**Task details**:
In the data below, find the line with "Casaco rosa e branco" and the line with "2 bedroom terraced", then restate both and every line between them exactly, minus the pictures.

-- Supplied data follows --

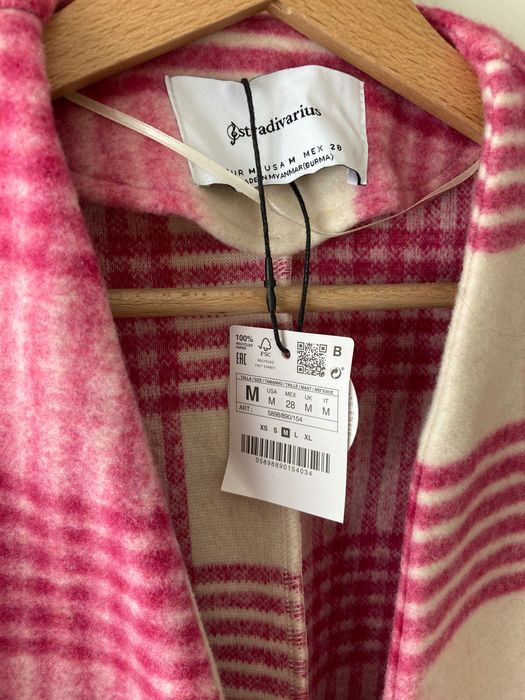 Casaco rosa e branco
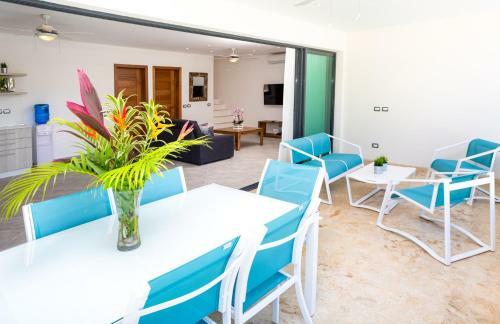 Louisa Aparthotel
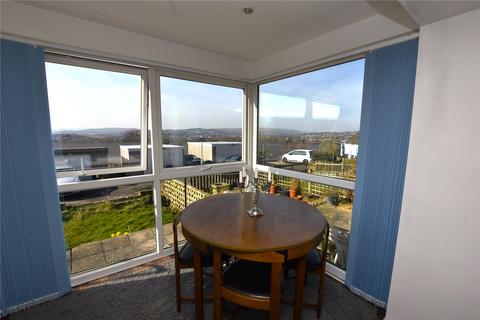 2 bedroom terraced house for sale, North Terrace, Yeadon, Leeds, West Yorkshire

-- Supplied data concluded --
-- Supplied data follows --

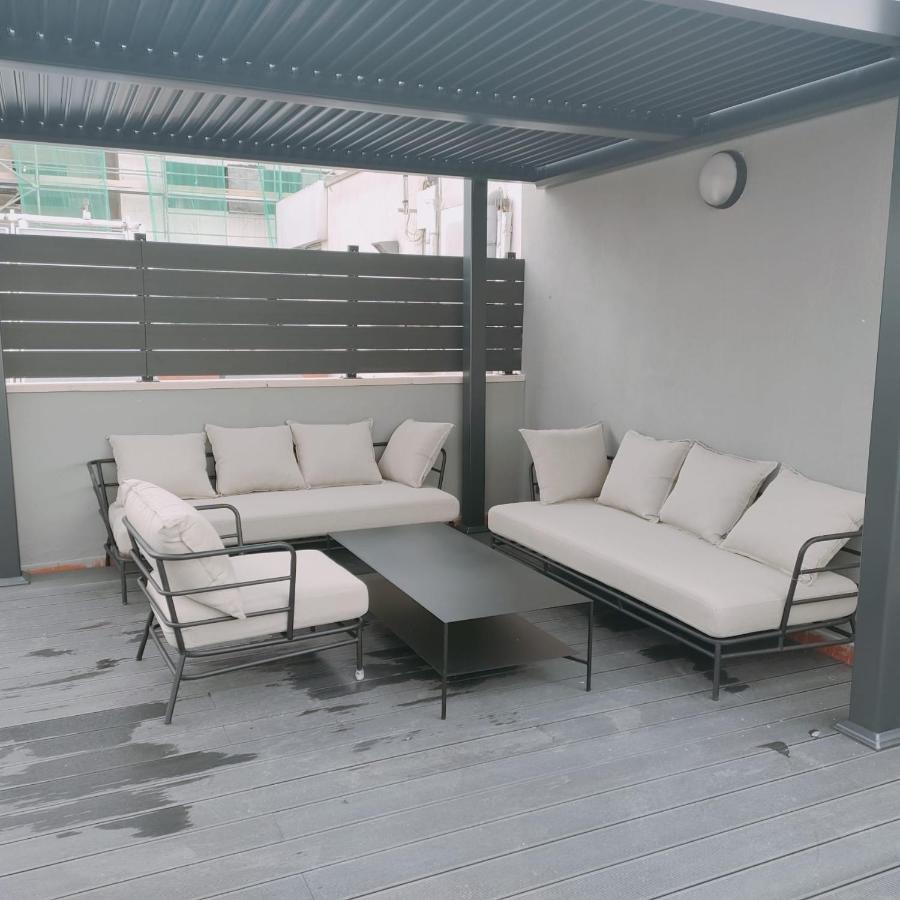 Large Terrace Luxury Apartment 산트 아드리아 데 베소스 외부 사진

-- Supplied data concluded --
-- Supplied data follows --

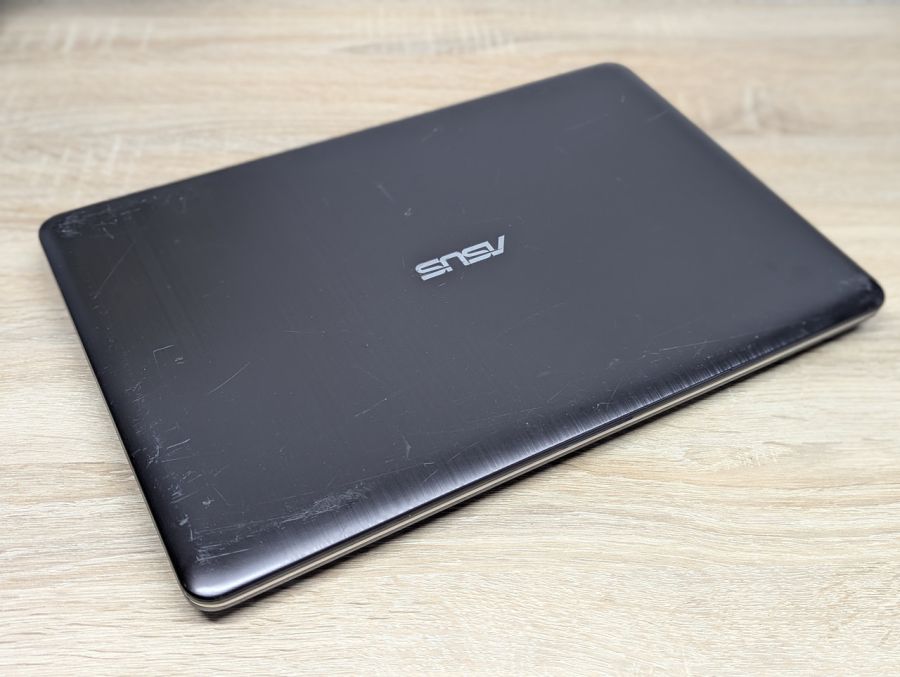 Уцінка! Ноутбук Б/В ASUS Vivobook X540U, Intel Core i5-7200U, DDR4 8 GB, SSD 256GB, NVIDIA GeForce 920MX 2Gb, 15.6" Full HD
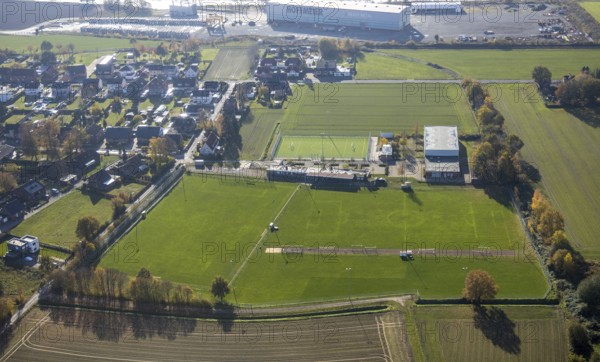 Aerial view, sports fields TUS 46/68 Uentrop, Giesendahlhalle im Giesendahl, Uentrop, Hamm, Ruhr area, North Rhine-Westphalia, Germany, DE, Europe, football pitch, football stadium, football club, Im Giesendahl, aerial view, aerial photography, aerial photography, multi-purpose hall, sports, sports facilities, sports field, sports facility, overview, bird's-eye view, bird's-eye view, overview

-- Supplied data concluded --

**Problem solution**:
 Casaco rosa e branco
 Louisa Aparthotel
 2 bedroom terraced house for sale, North Terrace, Yeadon, Leeds, West Yorkshire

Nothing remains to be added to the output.